Lazarus X_TRADER Hack Affects Critical Infrastructure Beyond 3CX Breach

April 22, 2023Ravie LakshmananSupply Chain / Cyber ​​Threats

Lazarus, the prolific North Korean hacking group behind the supply chain attack targeting 3CX, also breached two critical infrastructure organizations in the power and energy sector and two other businesses involved in financial trading using the X_TRADER trojan application.

New findings, originating from Symantec Threat Hunter Team, confirming earlier suspicions that the X_TRADER app compromise affected more organizations than 3CX. The names of the organizations were not disclosed.

Eric Chien, director of security response at Broadcom-owned Symantec, told The Hacker News in a statement that the attacks occurred between September 2022 and November 2022.

“The impact of this infection is unknown at this time – further investigation is needed and is ongoing,” Chien said, adding there may be “the possibility of more of this story and possibly even other packages being trojanized.”

The developments come as Mandiant disclosed that a 3CX desktop application software compromise last month was facilitated by another software supply chain breach targeting X_TRADER in 2022, which employees downloaded onto their personal computers.

It is currently unclear how UNC4736, a North Korean communications actor, tampered with X_TRADER, trading software developed by a company called Trading Technologies.

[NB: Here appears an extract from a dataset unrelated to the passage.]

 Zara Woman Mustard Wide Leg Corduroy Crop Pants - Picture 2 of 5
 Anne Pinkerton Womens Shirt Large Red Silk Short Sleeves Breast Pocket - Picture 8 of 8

While the service was discontinued in April 2020, it was still available for download on the company’s website until last year.

Mandiant’s investigation has revealed that a backdoor (dubbed VEILEDSIGNAL) injected into the corrupted X_TRADER application allowed adversaries to gain access to employees’ computers and siphon their credentials, which were then used to penetrate the 3CX network, move sideways, and compromise Windows and macOS builds. environment to insert malicious code.

The broadly linked attacks appear to have substantial overlap with previous North Korean-aligned groups and campaigns that have historically targeted cryptocurrency firms and carried out financially motivated attacks.

The Google Cloud subsidiary has judged with “moderate confidence” that the activity is related to AppleJeus, a persistent campaign targeting crypto companies for financial theft. Cybersecurity firm CrowdStrike previously linked the attack to a Lazarus cluster it called Labyrinth Chollima.

The same adversarial collective was previously linked by the Google Threat Analysis Group (TAG) to the Trading Technologies website which was compromised in February 2022 to present an exploit kit that took advantage of a zero-day flaw in the Chrome web browser.

ESET, in an analysis of a different Lazarus Group campaign, disclosed a new piece of Linux-based malware called SimplexTea that shares the same network infrastructure identified as used by UNC4736, further expanding existing evidence that the 3CX hack was orchestrated by North Korean threat actors.

“(Mandiant’s) findings about the second supply chain attack responsible for the 3CX compromise are revelations that Lazarus may increasingly turn to this technique to gain early access in their target network,” ESET malware researcher Marc-Etienne M.Léveillé told The Hacker News .

The compromise of the X_TRADER application further alludes to the attacker’s financial motivations. Lazarus (also known as HIDDEN COBRA) is an umbrella term for a combination of several subgroups based in North Korea that engage in espionage and cybercrime activities on behalf of the Hermit Kingdom and circumvent international sanctions.

Symantec’s infection chain breakdown enforced the implementation of the VEILEDSIGNAL modular backdoor, which also incorporates a process injection module that can be injected into Chrome, Firefox, or Edge web browsers. The module, for its part, contains a dynamic link library (DLL) that links to the Trading Technologies for command-and-control (C2) website.

“The discovery that 3CX was breached by other previous supply chain attacks means further organizations will be affected by this campaign, which is now much more widespread than originally believed,” Symantec concluded.